→ **Items listed in a dataset**
BEGIN

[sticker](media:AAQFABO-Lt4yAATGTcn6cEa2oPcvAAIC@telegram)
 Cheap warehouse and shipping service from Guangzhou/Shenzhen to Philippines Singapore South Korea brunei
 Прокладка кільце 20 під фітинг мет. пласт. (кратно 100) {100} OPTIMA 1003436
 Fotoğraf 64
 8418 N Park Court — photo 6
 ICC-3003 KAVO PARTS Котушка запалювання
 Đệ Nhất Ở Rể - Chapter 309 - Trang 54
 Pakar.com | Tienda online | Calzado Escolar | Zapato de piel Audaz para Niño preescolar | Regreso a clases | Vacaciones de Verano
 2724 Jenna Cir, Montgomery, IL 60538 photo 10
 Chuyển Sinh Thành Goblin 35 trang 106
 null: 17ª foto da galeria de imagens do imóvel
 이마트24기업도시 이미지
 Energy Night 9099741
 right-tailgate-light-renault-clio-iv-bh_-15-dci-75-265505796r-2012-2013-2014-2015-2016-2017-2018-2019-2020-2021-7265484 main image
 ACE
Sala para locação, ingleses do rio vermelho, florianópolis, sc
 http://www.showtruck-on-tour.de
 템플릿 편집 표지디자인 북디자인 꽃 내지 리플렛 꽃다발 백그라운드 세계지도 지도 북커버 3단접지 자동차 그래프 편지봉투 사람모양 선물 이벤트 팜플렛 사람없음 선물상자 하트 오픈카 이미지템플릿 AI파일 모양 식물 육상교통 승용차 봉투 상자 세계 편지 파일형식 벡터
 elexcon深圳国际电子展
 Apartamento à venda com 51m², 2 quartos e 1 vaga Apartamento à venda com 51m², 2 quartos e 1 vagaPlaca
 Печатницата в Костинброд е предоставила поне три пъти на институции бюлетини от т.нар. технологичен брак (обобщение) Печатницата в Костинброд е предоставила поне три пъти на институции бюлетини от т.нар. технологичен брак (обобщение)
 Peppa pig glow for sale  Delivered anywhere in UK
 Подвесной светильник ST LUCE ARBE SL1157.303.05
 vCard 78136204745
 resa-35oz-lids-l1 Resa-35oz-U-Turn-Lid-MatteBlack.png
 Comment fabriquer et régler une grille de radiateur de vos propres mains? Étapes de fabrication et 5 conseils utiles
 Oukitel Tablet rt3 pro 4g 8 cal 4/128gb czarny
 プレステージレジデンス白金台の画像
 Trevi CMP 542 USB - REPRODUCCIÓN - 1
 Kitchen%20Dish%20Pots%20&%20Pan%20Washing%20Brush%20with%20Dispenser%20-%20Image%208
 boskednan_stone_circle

END

→ **What the task requires**
Write the data above out again in full, exactly.

→ **Exercise result**
[sticker](media:AAQFABO-Lt4yAATGTcn6cEa2oPcvAAIC@telegram)
 Cheap warehouse and shipping service from Guangzhou/Shenzhen to Philippines Singapore South Korea brunei
 Прокладка кільце 20 під фітинг мет. пласт. (кратно 100) {100} OPTIMA 1003436
 Fotoğraf 64
 8418 N Park Court — photo 6
 ICC-3003 KAVO PARTS Котушка запалювання
 Đệ Nhất Ở Rể - Chapter 309 - Trang 54
 Pakar.com | Tienda online | Calzado Escolar | Zapato de piel Audaz para Niño preescolar | Regreso a clases | Vacaciones de Verano
 2724 Jenna Cir, Montgomery, IL 60538 photo 10
 Chuyển Sinh Thành Goblin 35 trang 106
 null: 17ª foto da galeria de imagens do imóvel
 이마트24기업도시 이미지
 Energy Night 9099741
 right-tailgate-light-renault-clio-iv-bh_-15-dci-75-265505796r-2012-2013-2014-2015-2016-2017-2018-2019-2020-2021-7265484 main image
 ACE
Sala para locação, ingleses do rio vermelho, florianópolis, sc
 http://www.showtruck-on-tour.de
 템플릿 편집 표지디자인 북디자인 꽃 내지 리플렛 꽃다발 백그라운드 세계지도 지도 북커버 3단접지 자동차 그래프 편지봉투 사람모양 선물 이벤트 팜플렛 사람없음 선물상자 하트 오픈카 이미지템플릿 AI파일 모양 식물 육상교통 승용차 봉투 상자 세계 편지 파일형식 벡터
 elexcon深圳国际电子展
 Apartamento à venda com 51m², 2 quartos e 1 vaga Apartamento à venda com 51m², 2 quartos e 1 vagaPlaca
 Печатницата в Костинброд е предоставила поне три пъти на институции бюлетини от т.нар. технологичен брак (обобщение) Печатницата в Костинброд е предоставила поне три пъти на институции бюлетини от т.нар. технологичен брак (обобщение)
 Peppa pig glow for sale  Delivered anywhere in UK
 Подвесной светильник ST LUCE ARBE SL1157.303.05
 vCard 78136204745
 resa-35oz-lids-l1 Resa-35oz-U-Turn-Lid-MatteBlack.png
 Comment fabriquer et régler une grille de radiateur de vos propres mains? Étapes de fabrication et 5 conseils utiles
 Oukitel Tablet rt3 pro 4g 8 cal 4/128gb czarny
 プレステージレジデンス白金台の画像
 Trevi CMP 542 USB - REPRODUCCIÓN - 1
 Kitchen%20Dish%20Pots%20&%20Pan%20Washing%20Brush%20with%20Dispenser%20-%20Image%208
 boskednan_stone_circle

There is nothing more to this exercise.